Assistant Professor Trenette T. Clark, Ph.D., is the winner of the 2015 Society for Social Work and Research Deborah K. Padgett Early Career Achievement Award. In conferring the award, the Society recognizes that her accomplishments reflect innovative scholarship, a rigorous approach to social work research, and work that exhibits an emerging influence in the field and her contribution to advance the profession is noteworthy.
“I am humbled, honored, and proud to receive the SSWR Deborah K. Padgett Early Career Achievement Award,” said Clark. “As the first Black woman to receive this award, I am especially delighted. I am committed to continuing to use research to improve the lives of children and families.”

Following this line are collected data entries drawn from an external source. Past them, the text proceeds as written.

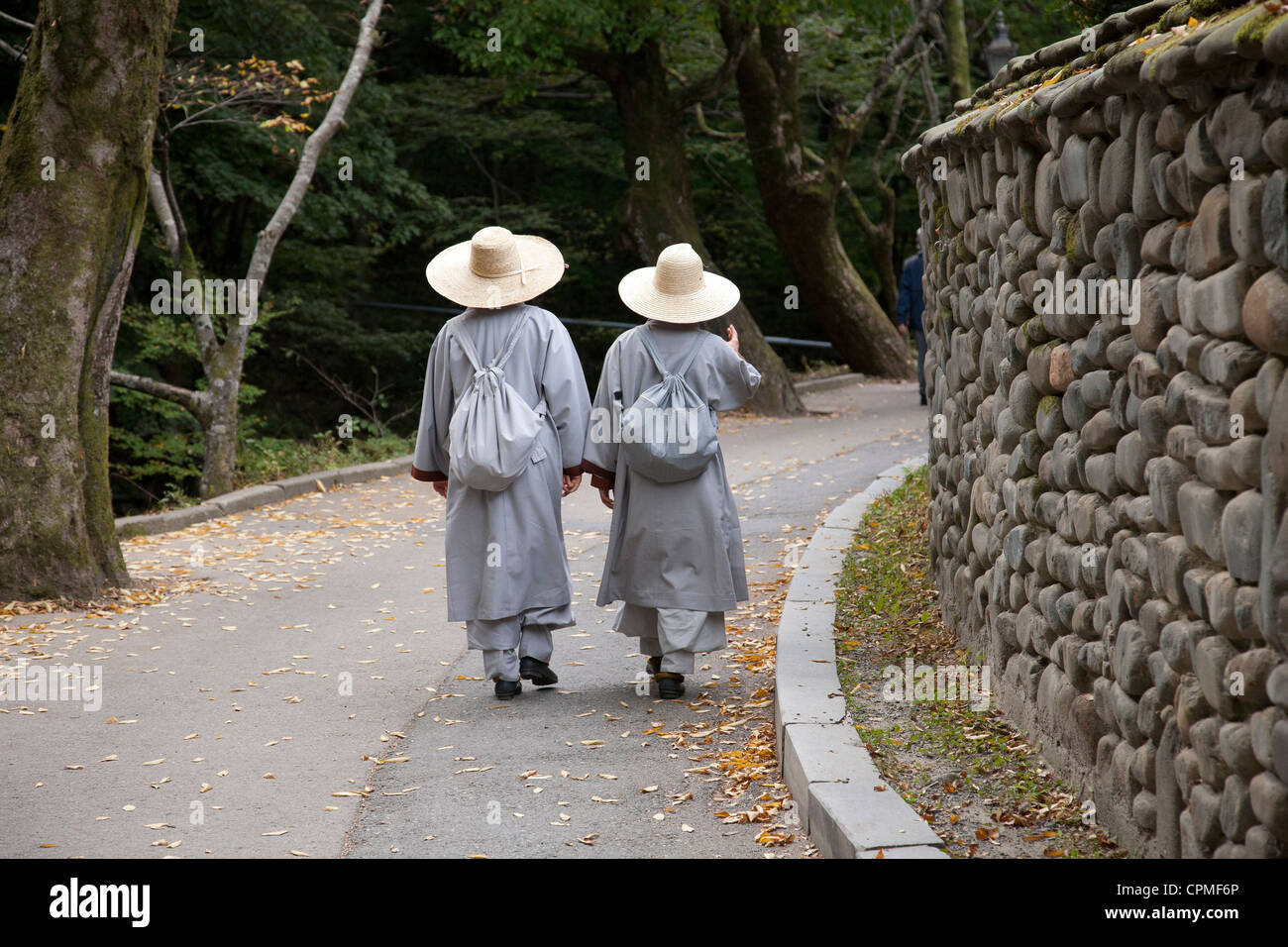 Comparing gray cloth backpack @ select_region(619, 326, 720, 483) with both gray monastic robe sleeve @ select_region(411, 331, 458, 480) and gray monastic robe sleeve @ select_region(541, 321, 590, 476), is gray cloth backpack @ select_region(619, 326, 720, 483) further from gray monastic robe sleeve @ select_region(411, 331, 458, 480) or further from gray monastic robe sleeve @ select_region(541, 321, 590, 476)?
gray monastic robe sleeve @ select_region(411, 331, 458, 480)

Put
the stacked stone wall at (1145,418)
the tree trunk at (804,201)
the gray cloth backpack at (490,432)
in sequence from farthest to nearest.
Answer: the tree trunk at (804,201), the gray cloth backpack at (490,432), the stacked stone wall at (1145,418)

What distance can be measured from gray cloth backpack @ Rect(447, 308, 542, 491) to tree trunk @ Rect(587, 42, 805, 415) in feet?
39.7

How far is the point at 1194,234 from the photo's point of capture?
121 inches

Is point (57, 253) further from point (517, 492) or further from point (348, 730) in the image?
point (348, 730)

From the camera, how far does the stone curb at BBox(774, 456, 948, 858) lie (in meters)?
3.78

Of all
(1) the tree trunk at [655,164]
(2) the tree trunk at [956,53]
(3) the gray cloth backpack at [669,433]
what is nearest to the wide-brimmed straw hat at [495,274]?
(3) the gray cloth backpack at [669,433]

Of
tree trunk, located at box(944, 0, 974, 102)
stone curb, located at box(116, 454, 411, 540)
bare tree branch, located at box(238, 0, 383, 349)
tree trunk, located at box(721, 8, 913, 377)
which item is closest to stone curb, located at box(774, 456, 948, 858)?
stone curb, located at box(116, 454, 411, 540)

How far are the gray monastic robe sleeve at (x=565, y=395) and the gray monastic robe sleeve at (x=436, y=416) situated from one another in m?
0.47

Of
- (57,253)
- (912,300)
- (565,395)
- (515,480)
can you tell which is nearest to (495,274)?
(565,395)

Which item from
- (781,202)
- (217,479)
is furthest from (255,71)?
(781,202)

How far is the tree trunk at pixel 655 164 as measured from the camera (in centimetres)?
1809

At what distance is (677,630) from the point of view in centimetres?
580

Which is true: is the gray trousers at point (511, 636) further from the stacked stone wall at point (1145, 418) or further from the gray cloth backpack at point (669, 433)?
the stacked stone wall at point (1145, 418)

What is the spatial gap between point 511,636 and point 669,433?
1.17 metres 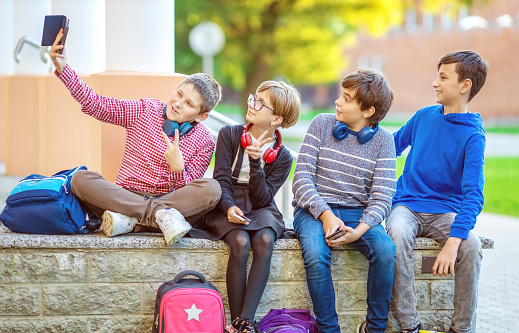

Clark’s professional interests include the epidemiology, etiology, prevention, and consequences of adolescent drug use; health disparities; and developmental trajectories over the life-course. Her current projects include a study on drug abuse in biracial youth, which received an $829,000 grant from the National Institutes of Health last year. She is also working to raise drug prevention awareness among parents and children through an initiative she started called, “Chasing Dreams Not Drugs.”
Trenette Clark, Ph.D.
“I am so proud of the work that Dr. Clark has been able to achieve and so early in her career,” said Dean Jack Richman. “The Padgett Award represents national recognition for her research, external funding, teaching and service. She is a wonderful model for what it means to be a successful assistant professor.”
Richman says awards like this also reflect positively on the School as a whole. “We have a supportive faculty who provide mentoring, staff who provide resources for research and proposal development that often lead to funding, and a vibrant research and teaching School climate,” he added.
Clark was presented the award at a ceremony on Jan. 17 at the SSWR annual conference in New Orleans.